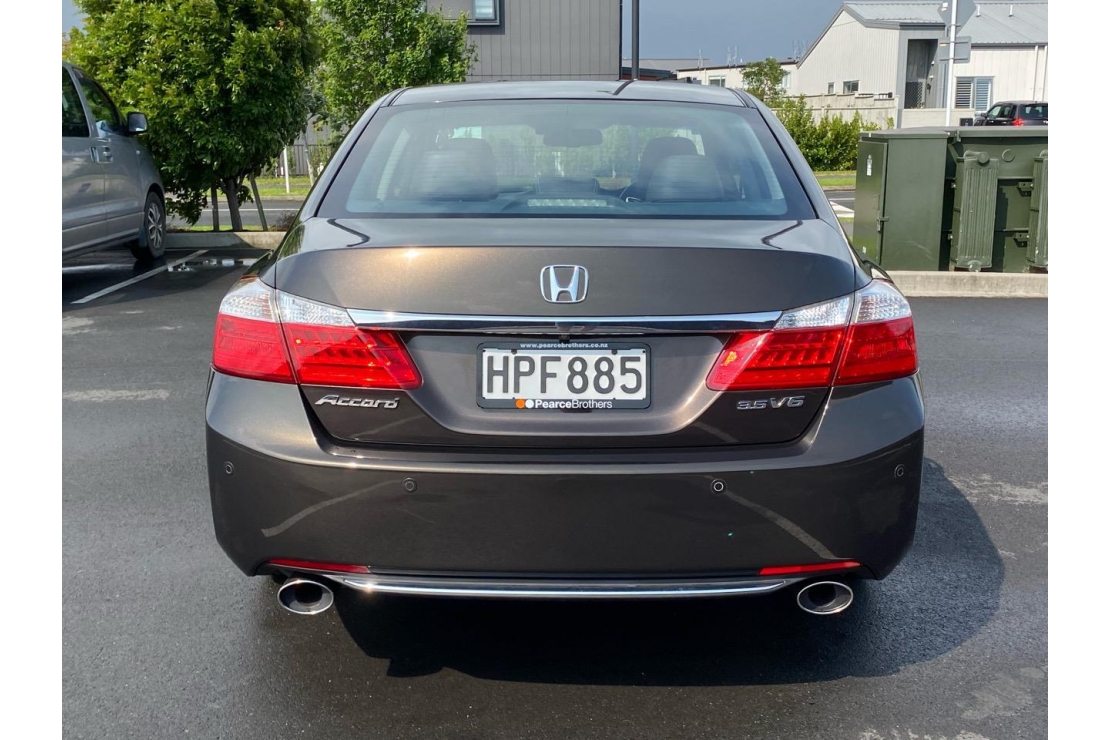 Ilikethat - Honda, ACCORD V6 3.5L NZ New, 2014 - Auckland City, Auckland 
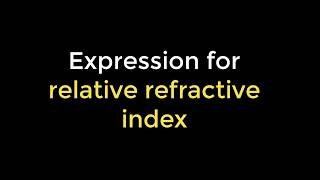 Relative amp absolute RI connection [upl. by Lengel]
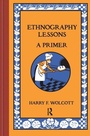 Cover: Ethnography Lessons - Left Coast Press Inc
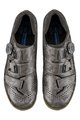 SHIMANO Fahrradschuhe - SH-RX600 - Braun/Grau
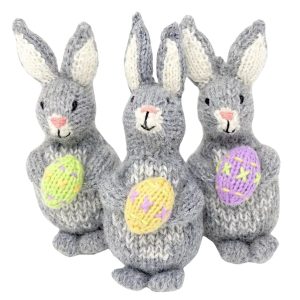 Product Image: Handmade Easter Bunny with Egg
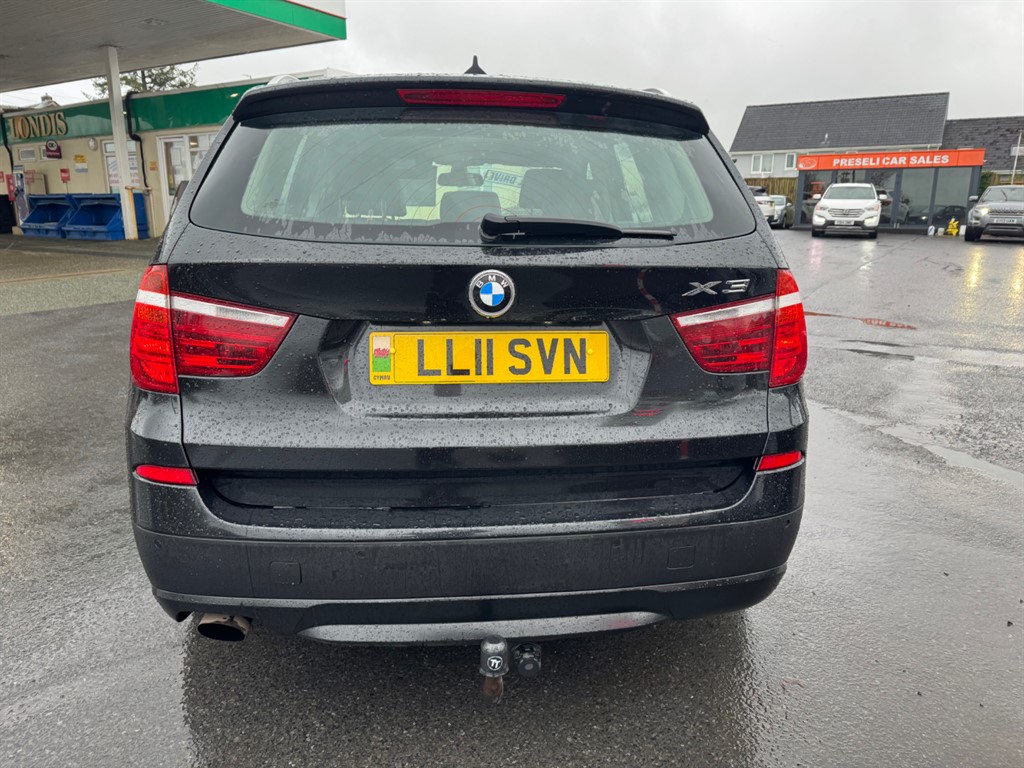 Used BMW X3 2011 for sale - 76825695: Photo 7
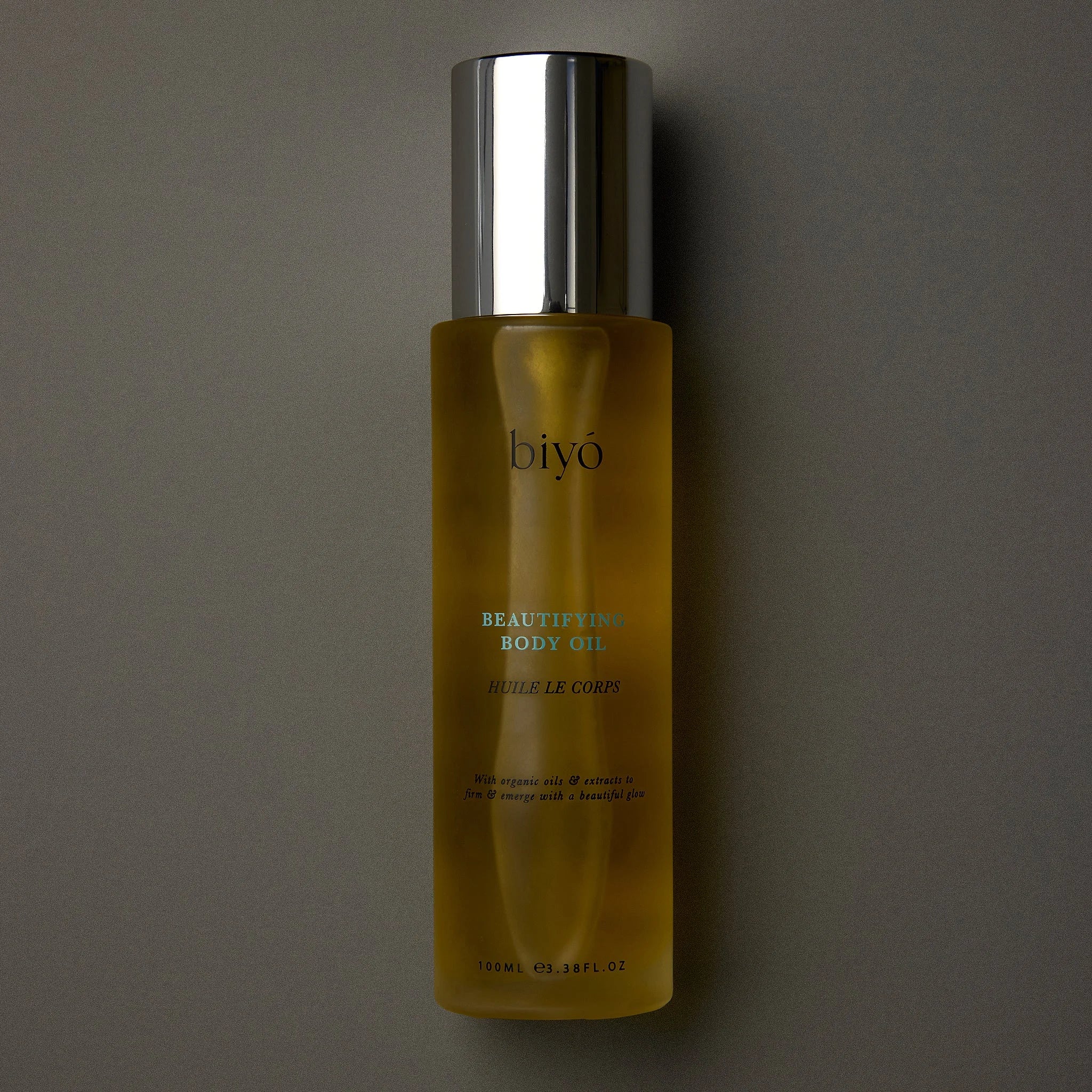 Beautifying Body Oil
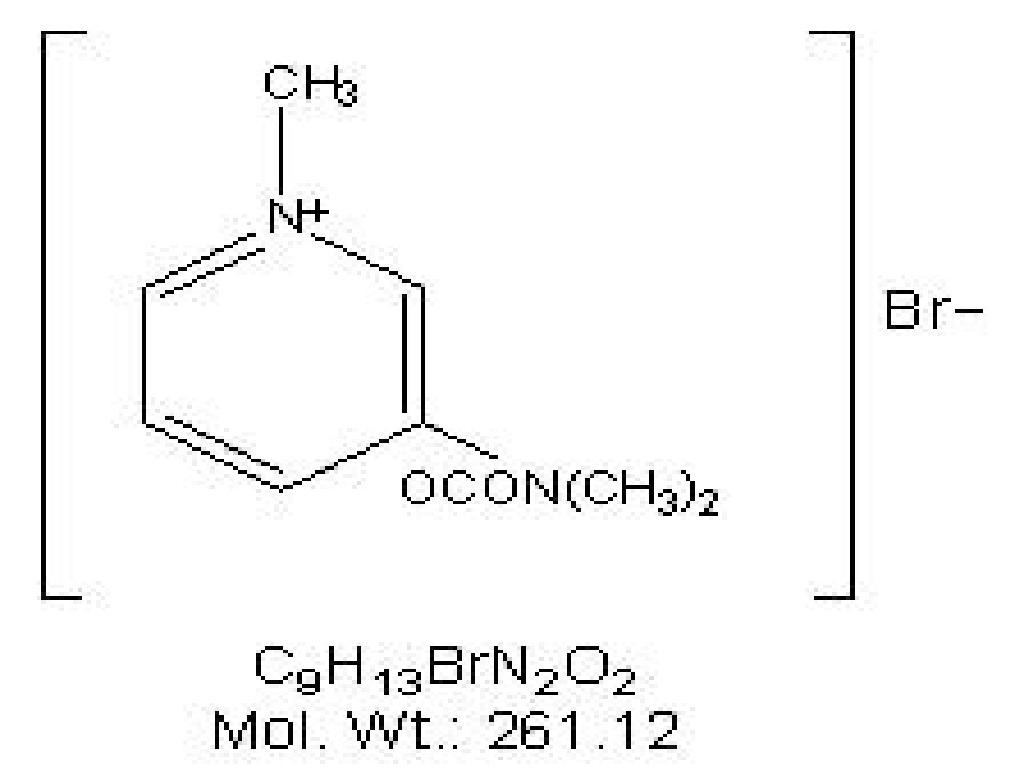 Pyridostigmine Bromide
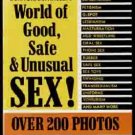 Book - World of Good, Safe & Unusual Sex - DJ910900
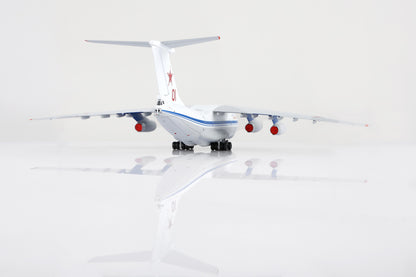 Russian Air Force IL-76MD Red 01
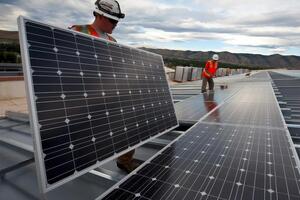 "Зелений" тариф став каталізатором розвитку галузі поновної енергетики в Україні, зазначають у ЕВА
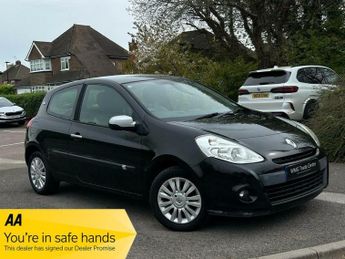 Renault Clio 1.2 I-Music Euro 5 3dr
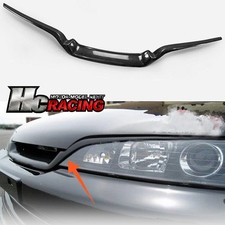 Carbon Fiber Front Grill Mesh Grille Cover For Honda Integra 1994-2001 Jdm Type Carbon Fiber Front Grill Mesh Grille Cover For Honda Integra 1994-2001 Jdm Type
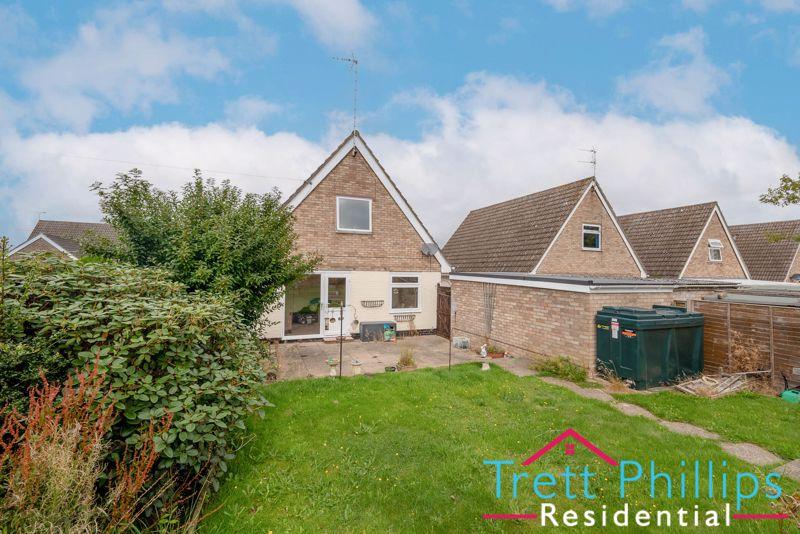 Millside, Stalham 3 bed detached house £265,000
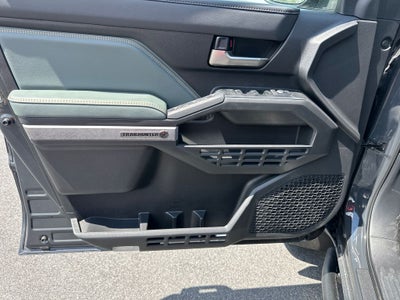2026 Toyota Tacoma i-FORCE MAX Trailhunter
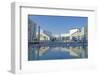 Slovak National Theatre, Bratislava, Slovakia, Europe-Christian Kober-Framed Photographic Print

- **Problem**:
Return the listing unchanged, but drop every picture.

- **Answer to this problem**:
 Ilikethat - Honda, ACCORD V6 3.5L NZ New, 2014 - Auckland City, Auckland 
 Relative amp absolute RI connection [upl. by Lengel]
 Cover: Ethnography Lessons - Left Coast Press Inc
 SHIMANO Fahrradschuhe - SH-RX600 - Braun/Grau
 Product Image: Handmade Easter Bunny with Egg
 Used BMW X3 2011 for sale - 76825695: Photo 7
 Beautifying Body Oil
 Pyridostigmine Bromide
 Book - World of Good, Safe & Unusual Sex - DJ910900
 Russian Air Force IL-76MD Red 01
 "Зелений" тариф став каталізатором розвитку галузі поновної енергетики в Україні, зазначають у ЕВА
 Renault Clio 1.2 I-Music Euro 5 3dr
 Carbon Fiber Front Grill Mesh Grille Cover For Honda Integra 1994-2001 Jdm Type Carbon Fiber Front Grill Mesh Grille Cover For Honda Integra 1994-2001 Jdm Type
 Millside, Stalham 3 bed detached house £265,000
2026 Toyota Tacoma i-FORCE MAX Trailhunter
 Slovak National Theatre, Bratislava, Slovakia, Europe-Christian Kober-Framed Photographic Print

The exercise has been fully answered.